U.S. Rep. Abigail Spanberger, D-7th, on Wednesday night voted in support of the George Floyd Justice in Policing Act.
The legislation intends to address issues of systemic racism in law enforcement, protect funding for community policing initiatives, and increase accountability in U.S. police departments, according to a release from the congresswoman’s office.
In June 2020, Spanberger, a former federal law enforcement officer, cosponsored and voted to pass the initial version of the George Floyd Justice Policing Act the wake of the deaths of George Floyd and Breonna Taylor.

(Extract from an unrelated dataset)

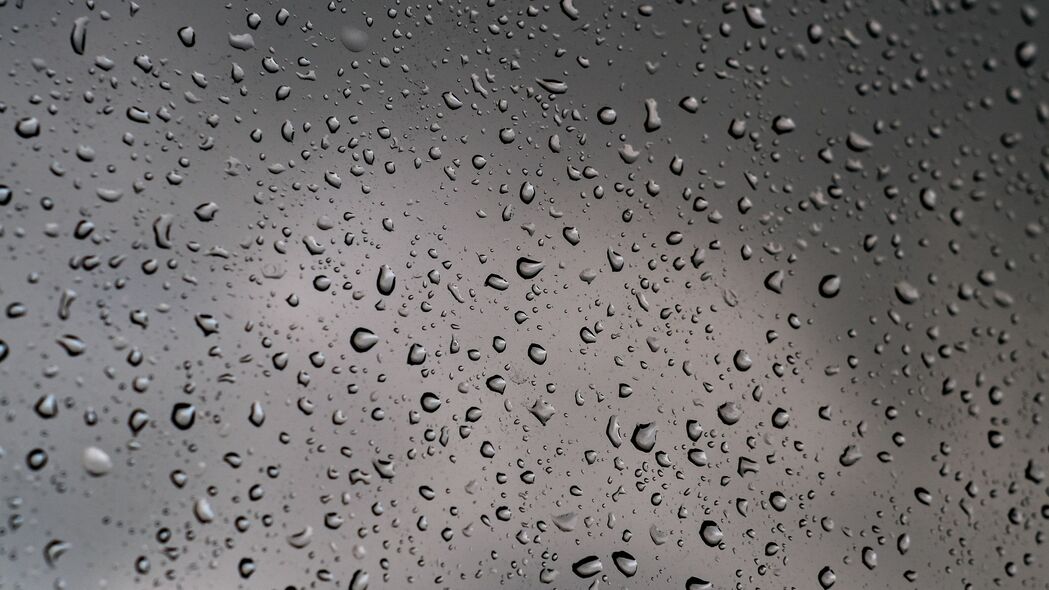玻璃 水滴 表面 微距 雨水 灰色 4k壁纸 3840x2160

“Throughout our history, countless Black brothers, sisters, spouses, parents, and friends have been killed at the hands of a senseless status quo. The murder of George Floyd last year captured—on video for the entire world to see—this pattern of injustices perpetrated against members of our Black communities. In response, the House took a major step in renewing the fight to achieve the promise of equal justice under the law for every American,” Spanberger said in a statement.

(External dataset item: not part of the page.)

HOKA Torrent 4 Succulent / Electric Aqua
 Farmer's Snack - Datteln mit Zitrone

“The reintroduction of this legislation provides another opportunity for Congress to help rebuild policing in a way that reduces discrimination, confronts a history marked by systemic racism, and engages with local law enforcement officials in a productive and meaningful way.”
The bill will also mandate state and local law enforcement agencies report use of force data, disaggregated by race, sex, disability, religion, and age; limit the transfer of military-grade equipment to state and local law enforcement; require state and local law enforcement to use existing federal funds to ensure the use of police body cameras; require federal uniformed police officers to wear body cameras and reform qualified immunity.
U.S. Rep. Karen Bass, D-Calif., chairwoman of the Congressional Black Caucus, is leading The George Floyd Justice in Policing Act in the House.